Material for this task:

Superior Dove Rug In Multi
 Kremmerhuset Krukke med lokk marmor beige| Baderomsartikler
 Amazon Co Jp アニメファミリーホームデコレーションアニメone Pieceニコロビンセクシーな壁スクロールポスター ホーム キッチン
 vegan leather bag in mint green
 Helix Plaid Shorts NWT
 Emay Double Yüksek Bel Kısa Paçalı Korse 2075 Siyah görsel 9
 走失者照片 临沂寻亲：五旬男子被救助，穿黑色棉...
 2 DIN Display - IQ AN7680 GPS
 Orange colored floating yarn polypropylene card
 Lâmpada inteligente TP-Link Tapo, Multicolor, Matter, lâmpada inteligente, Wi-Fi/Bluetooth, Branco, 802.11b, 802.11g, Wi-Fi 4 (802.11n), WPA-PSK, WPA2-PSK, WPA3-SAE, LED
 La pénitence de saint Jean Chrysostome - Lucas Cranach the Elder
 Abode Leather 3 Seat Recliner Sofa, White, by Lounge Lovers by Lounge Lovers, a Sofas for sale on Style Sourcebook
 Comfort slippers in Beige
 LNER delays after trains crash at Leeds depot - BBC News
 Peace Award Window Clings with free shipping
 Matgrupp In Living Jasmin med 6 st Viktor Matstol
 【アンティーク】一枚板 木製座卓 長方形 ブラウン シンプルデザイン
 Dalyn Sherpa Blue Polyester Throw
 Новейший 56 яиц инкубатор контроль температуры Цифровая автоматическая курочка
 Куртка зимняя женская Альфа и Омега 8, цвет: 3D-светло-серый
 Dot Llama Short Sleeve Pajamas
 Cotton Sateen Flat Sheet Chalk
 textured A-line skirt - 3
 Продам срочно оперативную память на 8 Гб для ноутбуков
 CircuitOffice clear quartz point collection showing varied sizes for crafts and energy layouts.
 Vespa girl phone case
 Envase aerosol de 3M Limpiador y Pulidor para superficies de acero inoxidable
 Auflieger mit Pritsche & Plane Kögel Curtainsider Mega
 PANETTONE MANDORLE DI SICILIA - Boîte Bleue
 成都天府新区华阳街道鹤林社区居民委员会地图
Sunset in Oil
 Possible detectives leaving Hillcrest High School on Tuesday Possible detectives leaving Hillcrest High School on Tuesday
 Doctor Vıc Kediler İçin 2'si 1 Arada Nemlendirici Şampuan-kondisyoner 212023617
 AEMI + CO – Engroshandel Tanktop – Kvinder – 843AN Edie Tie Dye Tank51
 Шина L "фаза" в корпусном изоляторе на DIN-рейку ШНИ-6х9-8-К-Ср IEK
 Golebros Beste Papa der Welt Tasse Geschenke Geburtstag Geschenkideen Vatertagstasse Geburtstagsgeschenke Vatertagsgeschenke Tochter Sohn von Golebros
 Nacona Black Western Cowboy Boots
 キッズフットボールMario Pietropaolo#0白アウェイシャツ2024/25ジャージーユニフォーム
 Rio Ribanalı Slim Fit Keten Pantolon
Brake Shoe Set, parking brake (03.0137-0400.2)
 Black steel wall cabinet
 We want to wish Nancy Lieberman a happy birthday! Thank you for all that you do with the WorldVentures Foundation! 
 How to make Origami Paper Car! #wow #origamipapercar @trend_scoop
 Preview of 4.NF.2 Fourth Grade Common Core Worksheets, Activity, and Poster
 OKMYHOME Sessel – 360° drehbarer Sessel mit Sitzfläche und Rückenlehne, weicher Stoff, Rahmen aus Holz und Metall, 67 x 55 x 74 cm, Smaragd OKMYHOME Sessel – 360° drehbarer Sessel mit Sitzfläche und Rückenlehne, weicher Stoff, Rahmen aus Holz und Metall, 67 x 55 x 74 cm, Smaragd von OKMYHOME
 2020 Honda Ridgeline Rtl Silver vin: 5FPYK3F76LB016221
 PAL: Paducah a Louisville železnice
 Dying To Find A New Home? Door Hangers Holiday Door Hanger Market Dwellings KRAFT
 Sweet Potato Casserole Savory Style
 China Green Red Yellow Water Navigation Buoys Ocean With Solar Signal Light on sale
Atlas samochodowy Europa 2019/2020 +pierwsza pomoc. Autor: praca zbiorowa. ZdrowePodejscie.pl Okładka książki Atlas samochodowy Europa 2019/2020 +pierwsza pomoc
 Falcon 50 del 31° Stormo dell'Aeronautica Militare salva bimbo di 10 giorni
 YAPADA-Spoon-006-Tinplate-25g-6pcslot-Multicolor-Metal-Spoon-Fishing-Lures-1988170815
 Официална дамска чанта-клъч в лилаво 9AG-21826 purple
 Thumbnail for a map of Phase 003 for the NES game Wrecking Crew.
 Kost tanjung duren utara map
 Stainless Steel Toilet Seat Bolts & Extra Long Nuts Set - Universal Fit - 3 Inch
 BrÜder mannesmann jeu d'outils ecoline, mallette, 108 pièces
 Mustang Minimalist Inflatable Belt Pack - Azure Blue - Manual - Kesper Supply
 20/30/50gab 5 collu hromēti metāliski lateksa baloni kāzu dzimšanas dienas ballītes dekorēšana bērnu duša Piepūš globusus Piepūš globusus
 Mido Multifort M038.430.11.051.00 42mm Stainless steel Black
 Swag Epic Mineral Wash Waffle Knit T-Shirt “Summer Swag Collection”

Problem: Among the entries above, locate the lines containing "DIN-рейку ШНИ-6х9-8-К-Ср IEK" and "Preview of 4.NF.2", and transcribe exactly those two lines and all lines between.

Task solution:
 Шина L "фаза" в корпусном изоляторе на DIN-рейку ШНИ-6х9-8-К-Ср IEK
 Golebros Beste Papa der Welt Tasse Geschenke Geburtstag Geschenkideen Vatertagstasse Geburtstagsgeschenke Vatertagsgeschenke Tochter Sohn von Golebros
 Nacona Black Western Cowboy Boots
 キッズフットボールMario Pietropaolo#0白アウェイシャツ2024/25ジャージーユニフォーム
 Rio Ribanalı Slim Fit Keten Pantolon
Brake Shoe Set, parking brake (03.0137-0400.2)
 Black steel wall cabinet
 We want to wish Nancy Lieberman a happy birthday! Thank you for all that you do with the WorldVentures Foundation! 
 How to make Origami Paper Car! #wow #origamipapercar @trend_scoop
 Preview of 4.NF.2 Fourth Grade Common Core Worksheets, Activity, and Poster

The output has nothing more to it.